A Neurosymbolic Cognitive Architecture Framework for Handling Novelties in Open Worlds

A Neural-Symbolic Cognitive Architecture Framework for Handling Novel Entities in Open Worlds

Neural-Symbolic Cognitive Architecture Framework

Background

Traditional AI research assumes that intelligent agents operate in a “closed world”, where all task-relevant concepts in the environment are known, and no new unknown situations will arise. However, in the open real world, novel entities that violate the agent’s prior knowledge are bound to appear. This paper proposes a novel hybrid neural-symbolic reasoning architecture that enables agents to detect and adapt to novel entities, thereby allowing them to complete tasks in open worlds.

Definition of Novel Entities

The paper views novel entities as agent-relevant concepts. If an agent cannot derive the representation of an entity from its knowledge base, then that entity is considered novel to the agent. Based on the degree to which novel entities affect the agent’s task completion, the paper categorizes novel entities into the following types:

  • Prohibitive Novel Entities: The agent must represent and reason about these novel entities in order to generate plans that can complete the task.
  • Blocking Novel Entities: These entities cause the agent’s actuators to fail during execution.
  • Beneficial Novel Entities: Mastering these novel entities can help the agent complete the task more effectively.
  • Irrelevant Novel Entities: These have no impact on task completion but may incur additional costs.

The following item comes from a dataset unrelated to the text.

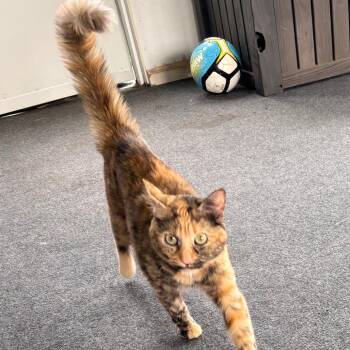 FOUND Mama Cat and 2 kittens 18th St SW, Owatonna, MN - near Kib -  Domestic Long Hair Cat for Adoption in Rochester, Minnesota - FOUND Mama Cat And 2 Kittens 18th St SW, Owatonna, MN - Near Kib | PetCurious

Neural-Symbolic Cognitive Architecture

The paper proposes a hybrid neural-symbolic architecture for detecting and adapting to novel entities. The architecture includes the following main components:

Symbolic Reasoning

  • Knowledge Base: Stores symbolic state descriptions, rules, and operators.
  • Task Planner: Generates action plans based on the goal state.
  • Goal Manager: Monitors the discrepancy between the current state and the expected state, detecting prohibitive and blocking novel entities.

Neural Reasoning

  • Vision Model: Uses deep autoencoders to detect visual novelties.
  • Agent Model: Models other agents’ behaviors using behavior cloning to detect behavioral anomalies.

Novelty Exploration

  • Contains symbolic exploration algorithms and reinforcement learning explorers.
  • Upon detecting novel entities, generates appropriate exploration strategies to learn how to adapt to the novelties.

Evaluation

The paper comprehensively evaluates the individual components and the overall system of the architecture in the Polycraft sandbox environment. Various novelty scenarios are set up, where the agent needs to detect and adapt to novel entities to complete the task of crafting a “pogo stick”. The evaluation metrics include:

  • Novel Entity Detection Performance: False positive rate, true positive rate, etc.
  • Task Completion Performance: The agent’s ability to complete the task after introducing novel entities.

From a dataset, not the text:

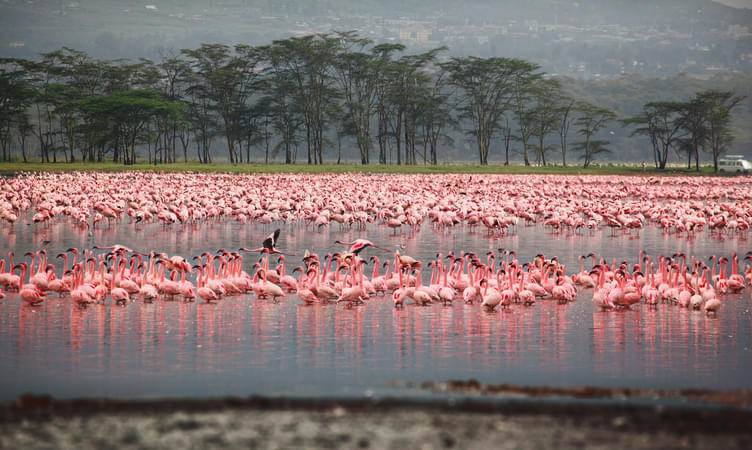 Best Time to Visit Kenya for Safari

The evaluation results show that the proposed architecture can efficiently detect and adapt to most novel entities, maintaining relatively good task completion performance even after introducing novel entities.

Summary

This paper proposes a hybrid neural-symbolic cognitive architecture that endows agents with the ability to detect and adapt to novel entities in open worlds. The architecture combines techniques such as symbolic planning, counterfactual reasoning, reinforcement learning, and deep computer vision to effectively explore unknown situations and update the knowledge base. Evaluations in the Polycraft environment demonstrate the outstanding performance of the proposed architecture in handling novel entities. This work provides a valuable solution for the development of open-world AI systems.